A range of hull repairs on a variety of ship types have illustrated the diversity of shell plating operations that Hydrex diver/technicians are capable of undertaking at a moment’s notice.
In Amsterdam, recently, Hydrex responded to an emergency call from a ship’s crew, requesting a permanent repair to a crack in the port side grey water tank of their 145m chemical tanker.
To get the job done during the ship’s port stay, Hydrex immediately fabricated a 700mm x 300mm insert plate, as well as a steel mobdock (mobile drydock) profiled to fit the curvature of the tanker’s hull. The mobdock was installed, enabling the diver/technicians to cut away the cracked area and weld the insert plate in place, using Hydrex’s class-approved full penetration welding technique. All of this work was carried out during the tanker’s scheduled stop, and in close communication with the superintendent of the vessel and the attending class surveyor. The permanent nature of the repair meant that no further action would be required at the ship’s next drydocking.

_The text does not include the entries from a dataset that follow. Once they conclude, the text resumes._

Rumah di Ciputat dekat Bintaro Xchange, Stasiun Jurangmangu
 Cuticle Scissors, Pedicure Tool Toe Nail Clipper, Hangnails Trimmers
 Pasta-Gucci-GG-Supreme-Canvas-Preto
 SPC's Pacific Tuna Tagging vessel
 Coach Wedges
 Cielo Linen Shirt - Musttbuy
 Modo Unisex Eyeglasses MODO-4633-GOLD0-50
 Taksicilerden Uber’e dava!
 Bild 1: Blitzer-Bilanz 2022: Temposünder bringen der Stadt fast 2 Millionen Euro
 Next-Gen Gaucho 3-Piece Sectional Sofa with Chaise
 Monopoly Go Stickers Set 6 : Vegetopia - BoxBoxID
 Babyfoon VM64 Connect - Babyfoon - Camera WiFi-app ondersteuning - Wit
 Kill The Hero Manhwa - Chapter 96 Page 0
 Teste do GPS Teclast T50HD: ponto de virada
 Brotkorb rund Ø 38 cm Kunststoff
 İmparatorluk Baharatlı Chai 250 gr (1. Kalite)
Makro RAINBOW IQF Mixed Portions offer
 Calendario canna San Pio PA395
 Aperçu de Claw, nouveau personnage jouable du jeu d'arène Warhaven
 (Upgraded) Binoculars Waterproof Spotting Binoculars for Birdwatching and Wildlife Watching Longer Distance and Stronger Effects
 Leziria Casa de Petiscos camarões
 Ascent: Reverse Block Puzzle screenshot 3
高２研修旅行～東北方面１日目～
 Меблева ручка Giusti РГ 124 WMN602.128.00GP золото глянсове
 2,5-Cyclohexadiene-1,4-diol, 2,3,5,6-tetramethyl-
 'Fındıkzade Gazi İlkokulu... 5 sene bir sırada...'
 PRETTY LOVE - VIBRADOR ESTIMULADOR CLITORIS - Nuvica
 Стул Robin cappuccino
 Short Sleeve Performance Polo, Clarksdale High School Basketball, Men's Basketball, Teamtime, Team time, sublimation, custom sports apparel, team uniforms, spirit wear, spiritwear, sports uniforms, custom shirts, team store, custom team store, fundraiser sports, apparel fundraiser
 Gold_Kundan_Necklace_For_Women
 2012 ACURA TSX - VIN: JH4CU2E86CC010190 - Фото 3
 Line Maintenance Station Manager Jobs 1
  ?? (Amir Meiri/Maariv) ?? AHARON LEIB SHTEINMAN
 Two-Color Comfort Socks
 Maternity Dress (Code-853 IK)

Meanwhile, after a fully-loaded 180m bulk carrier was faced with a near two-week delay when a repair to grounding damage in Las Palmas, Spain, proved unsuccessful, Hydrex was called in to take over the repair work. The Antwerp-headquartered company had been chosen because the classification society was confident that Hydrex would be able to perform a satisfactory underwater repair and get the bulker sailing again as soon as possible.
The Hydrex team was on site rapidly, the first step of the operation being the removal of the cofferdam that had been installed during the previous repair attempt. Then, working in shifts, Hydrex diver/technicians installed two doubler plates over the affected areas of the flat bottom. The vessel was soon able to resume her voyage, much to the satisfaction of the owner and port authority.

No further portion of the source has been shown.